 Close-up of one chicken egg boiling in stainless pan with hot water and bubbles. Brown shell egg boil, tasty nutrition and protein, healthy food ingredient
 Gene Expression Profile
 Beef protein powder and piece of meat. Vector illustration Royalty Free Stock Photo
---
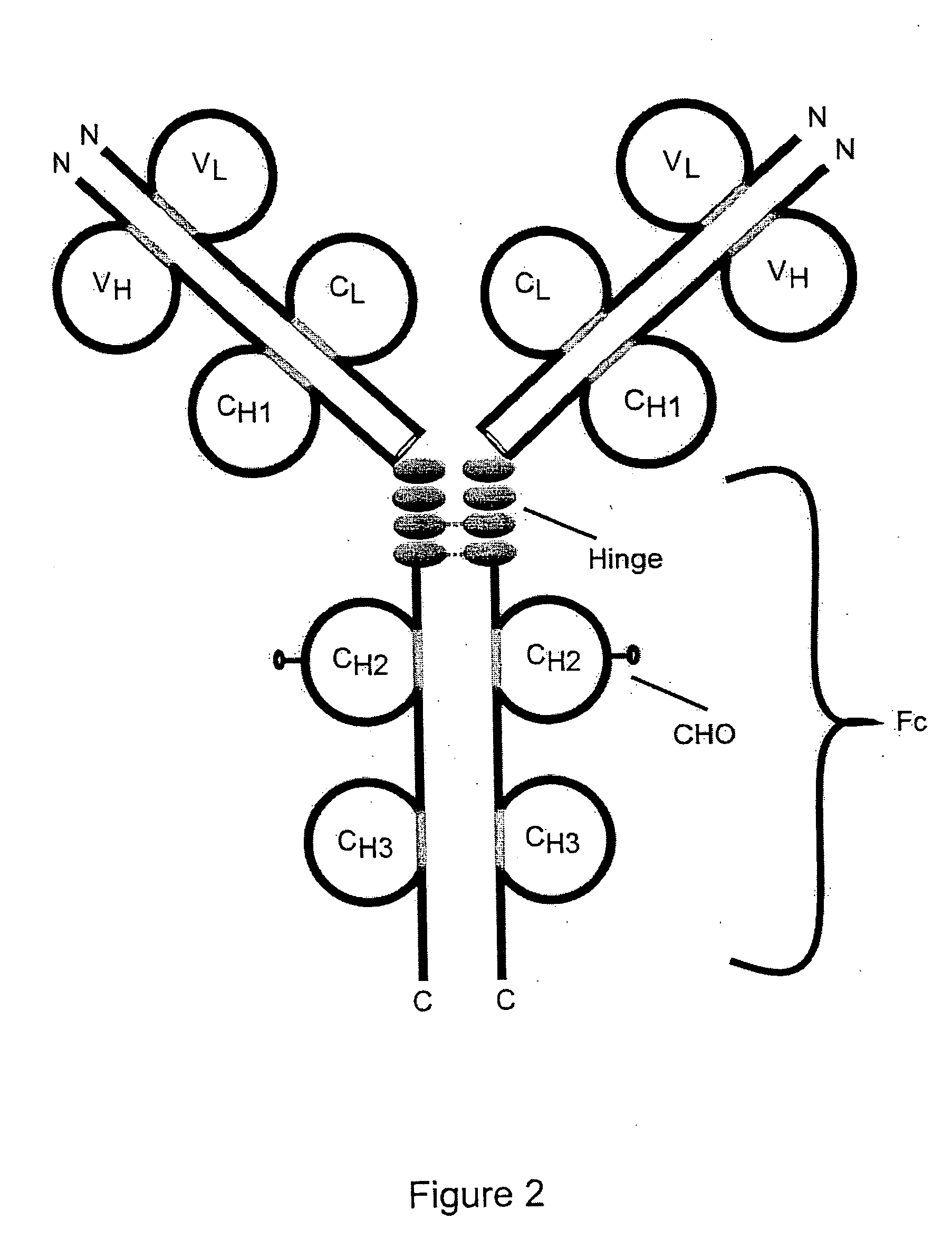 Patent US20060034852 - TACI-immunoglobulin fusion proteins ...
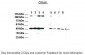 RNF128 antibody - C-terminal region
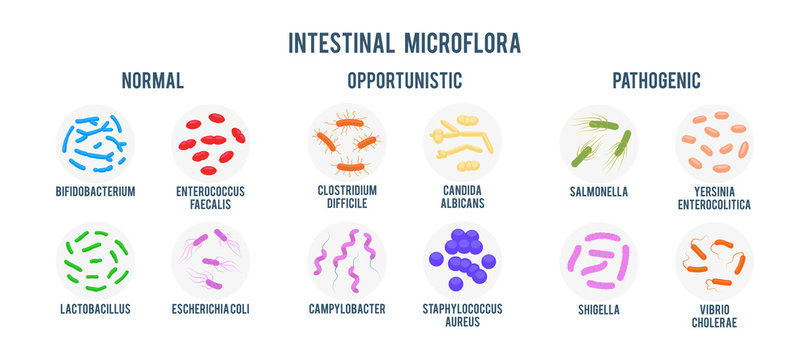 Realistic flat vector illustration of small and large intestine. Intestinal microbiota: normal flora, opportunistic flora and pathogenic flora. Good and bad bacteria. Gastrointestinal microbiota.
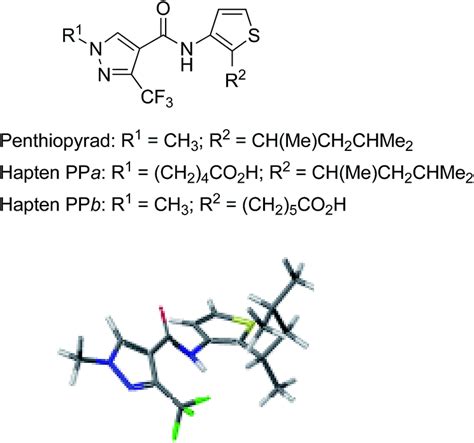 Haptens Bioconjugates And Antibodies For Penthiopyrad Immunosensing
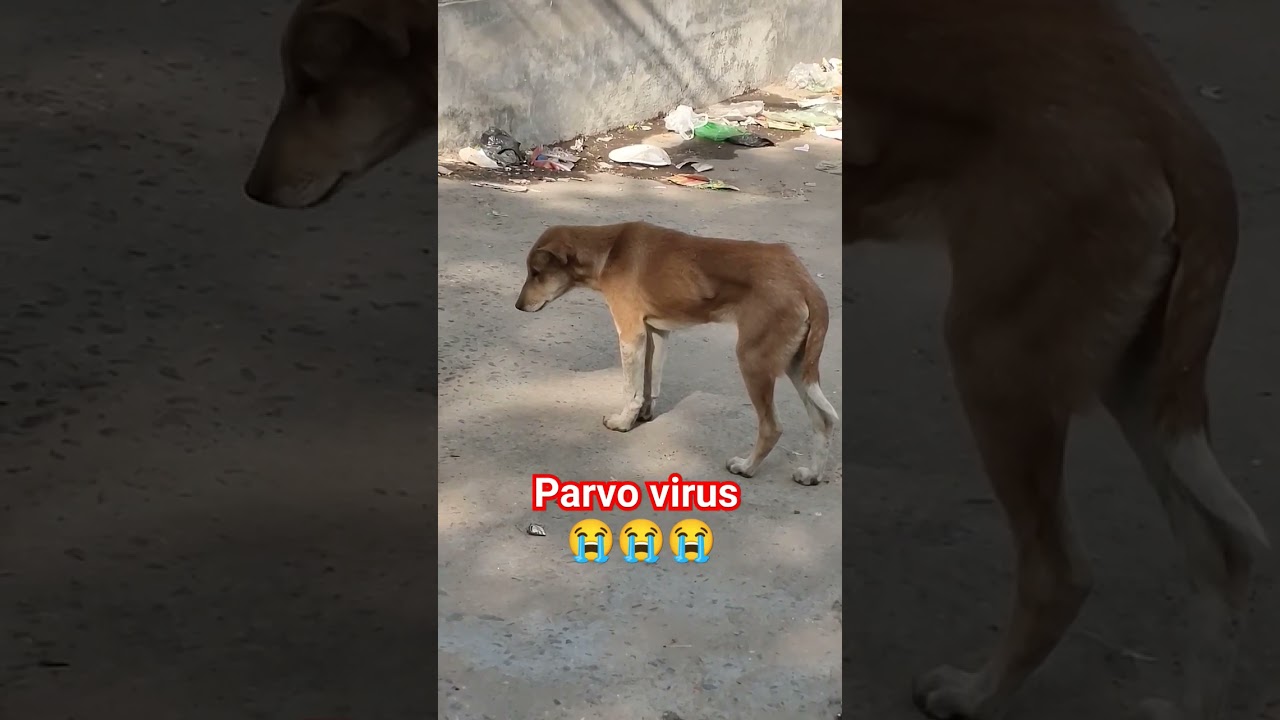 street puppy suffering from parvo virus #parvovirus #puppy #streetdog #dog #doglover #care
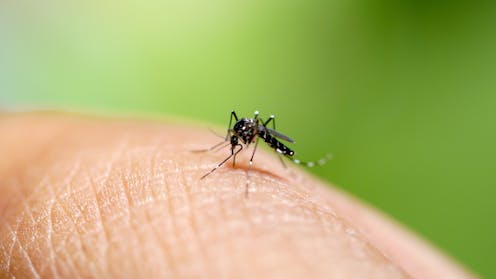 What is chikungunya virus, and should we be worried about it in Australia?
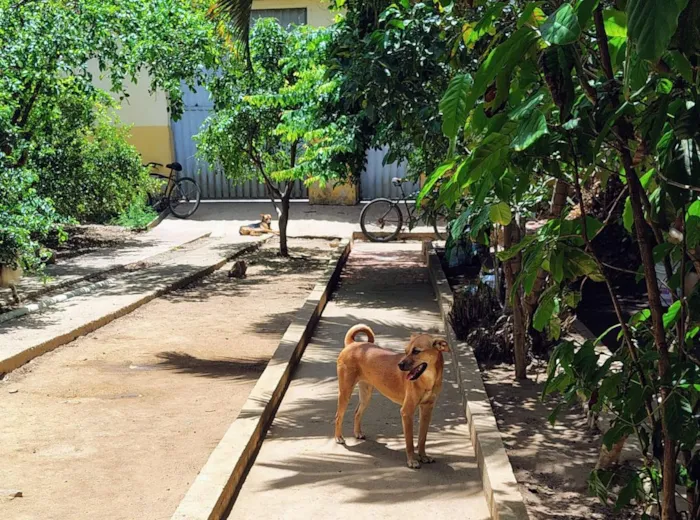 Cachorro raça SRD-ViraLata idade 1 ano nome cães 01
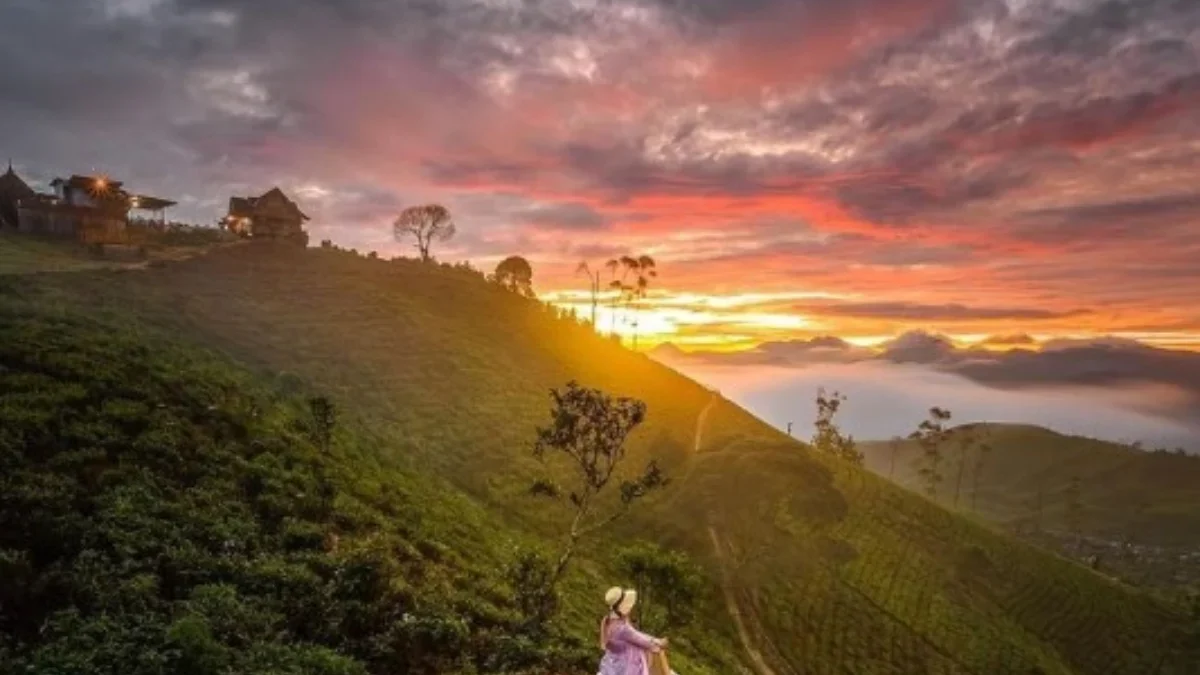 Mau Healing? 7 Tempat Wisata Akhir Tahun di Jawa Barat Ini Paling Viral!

Task goal: From the records above, write out exactly the lines that begin at the line with "street puppy suffering" and end at the line with "Mau Healing? 7". Pictures must not appear in the output.

Response box:
 street puppy suffering from parvo virus #parvovirus #puppy #streetdog #dog #doglover #care
 What is chikungunya virus, and should we be worried about it in Australia?
 Cachorro raça SRD-ViraLata idade 1 ano nome cães 01
 Mau Healing? 7 Tempat Wisata Akhir Tahun di Jawa Barat Ini Paling Viral!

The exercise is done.